§ What is needed: Reproduce every line of the listing exactly.

━━ Information shown ━━

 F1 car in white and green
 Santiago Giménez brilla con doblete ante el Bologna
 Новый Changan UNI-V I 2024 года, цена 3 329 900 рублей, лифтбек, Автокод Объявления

━━━

§ Solution:
 F1 car in white and green
 Santiago Giménez brilla con doblete ante el Bologna
 Новый Changan UNI-V I 2024 года, цена 3 329 900 рублей, лифтбек, Автокод Объявления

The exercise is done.